● Exercise aim
Return the full listing word for word, but drop every picture from it.

● Information provided
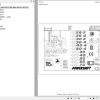 Manitou Telehandler M 50 4 TURBO S3 E3 Parts Catalog 647003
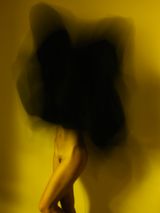 The Woman Next Door -14- by Xenia Fuentes contemporary artwork painting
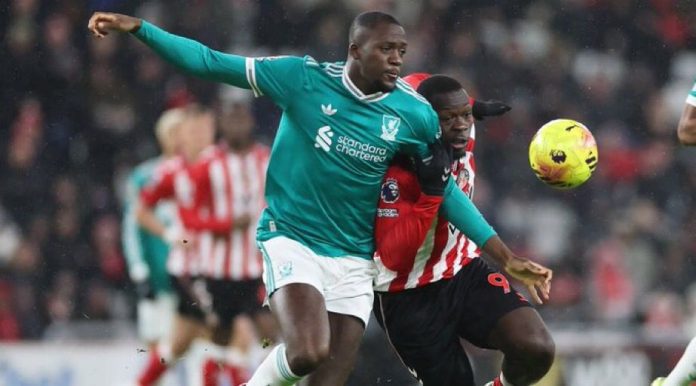 Kontrak Ibrahima Konate di Liverpool Belum Final Menurut Arne Slot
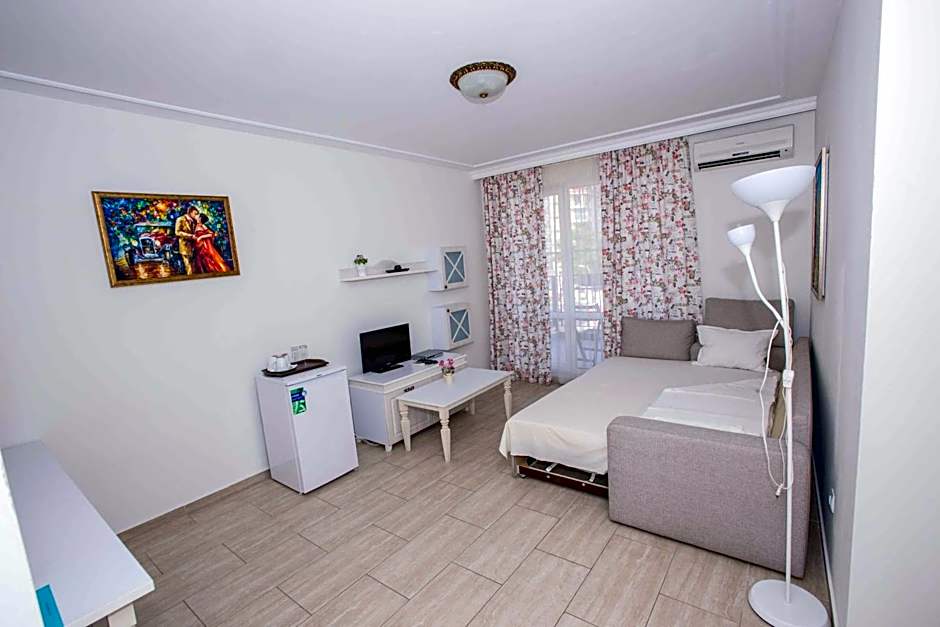 The Step Family Hotel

● Written solution
 Manitou Telehandler M 50 4 TURBO S3 E3 Parts Catalog 647003
 The Woman Next Door -14- by Xenia Fuentes contemporary artwork painting
 Kontrak Ibrahima Konate di Liverpool Belum Final Menurut Arne Slot
 The Step Family Hotel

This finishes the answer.